Professor Dora Nkem Akunyili, Minister of Information and Communications has said Babalola’s claims did not reflect the true position of the Corporation.

Babalola had told the Federation Accounts Allocation Committee, FAAC, that NNPC was unable to pay FAAC an outstanding N450 billion in unremitted crude oil receipts. Neither the statement, nor NNPC’s admission of its inability to pay was new. The debt had been outstanding for years and could have topped N450 billion.

“NNPC is insolvent as current liabilities exceed current assets,” Babalola told FAAC. “NNPC is incapable of repaying the N450 billion owed to the Federation Account unless it is reimbursed the N1.156 trillion (in subsidies) it has requested from the Federal Ministry of Finance”.

Professor Akunyili laboured to limit what government considered an embarrassment. “NNPC is not insolvent. Given the nature of NNPC, there are regular transactions between Federal Government and NNPC and as a result there are always outstanding balances between the Corporation and the Federal Government”.

Olusegun Aganga, Minister of Finance added, “We have so many different transactions between the NNPC and the Federal Government, in some form of the balances it maybe a daily balance and in another it may be a trade balance, you need to make all of these things up. If you are worried about NNPC that is a different matter”. 

None of the refutals said when the Federal Ministry of Finance would reimburse the NNPC. None mentioned the fact that the NNPC claims were still disputed, since they were unbudgeted expenses and grossly violated existing government financial regulations.

What is the whole panic about? If NNPC is not broke why does it not pay the N450 billion debt to FAAC? The issue is not NNPC’s financial status. It is about government’s flagrant abuses of the Constitution and support for its agencies like the NNPC to follow the bad examples.

The NNPC leads in refusing to remit earnings to the Federation Account.

Section 80 of the Constitution is explicit on the matter. (1) All revenues or other moneys raised or received by the Federation (not being revenues or other moneys payable under this Constitution or any Act of the National Assembly into any other public fund of the Federation established for a specific purpose) shall be paid into and form one Consolidated Revenue Fund of the Federation.

(2) No moneys shall be withdrawn from the Consolidated Revenue Fund of the Federation except to meet expenditure that is charged upon the fund by this Constitution or where the issue of those moneys has been authorised by an Appropriation Act, Supplementary Appropriation Act or an Act passed in pursuance of Section 81 of this Constitution.

(3) No moneys shall be withdrawn from any public fund of the Federation, other than the Consolidated Revenue Fund of the Federation, unless the issue of those moneys has been authorised by an Act of the National Assembly.

(4) No moneys shall be withdrawn from the Consolidated Revenue Fund or any other public fund of the Federation, except in the manner prescribed by the National Assembly.

Arguments that NNPC used the money to subsidise import of petroleum products or repair pipelines are obtuse.
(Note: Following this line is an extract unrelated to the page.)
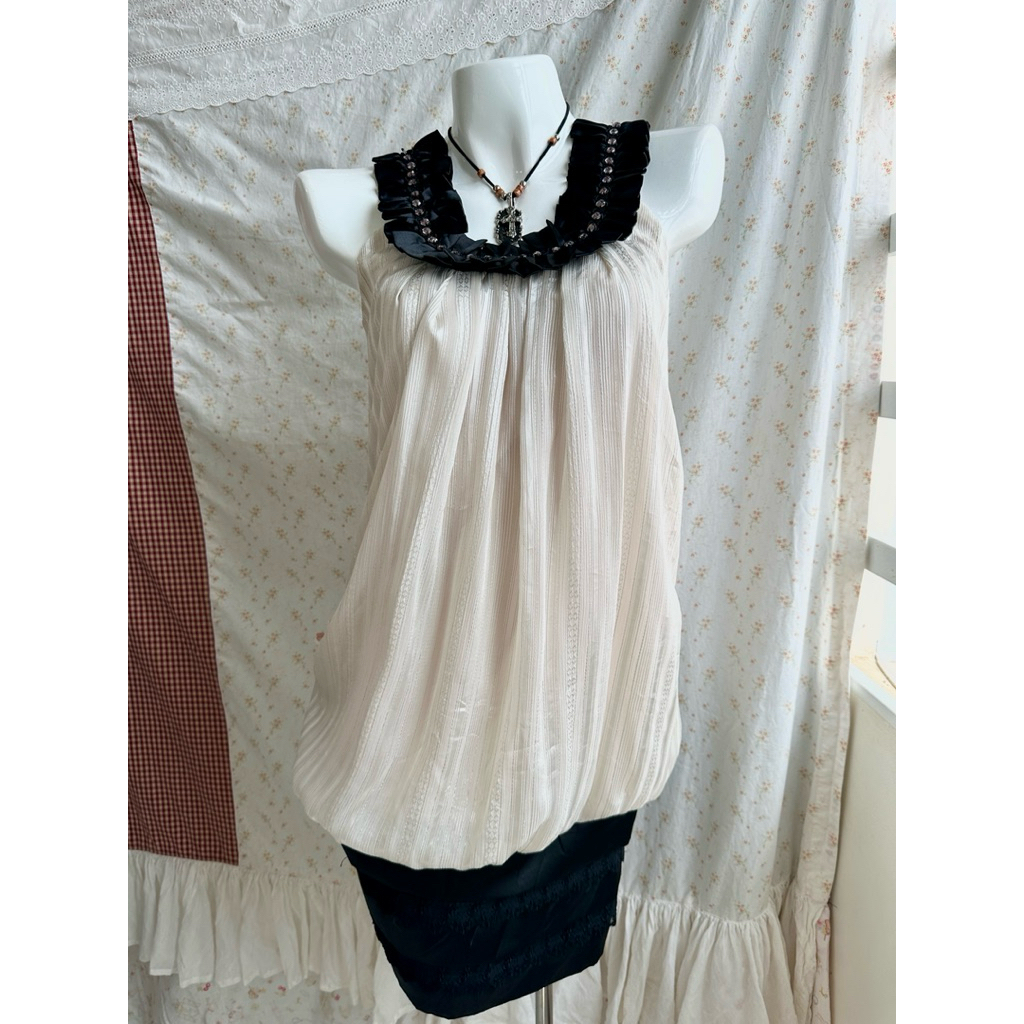 Đầm axes bèo phối voan tầng 2hand nhật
They do not absolve NNPC of spending unbudgeted money.

Worse still, the money in question belongs to the three tiers of government  federal, state and local government. NNPC as a federal government agency cannot spend money that belongs to other tiers of government, and not even federal money, if it is not allocated to it.

The panic over the financial status of the NNPC is a ruse to allow the Corporation to continue operating above the Constitution, as it has for years. The silence of the National Assembly attests to its acquiescence to the violation.

We are not worried about the NNPC. We are worried about government’s unwillingness to embrace transparency in its dealings.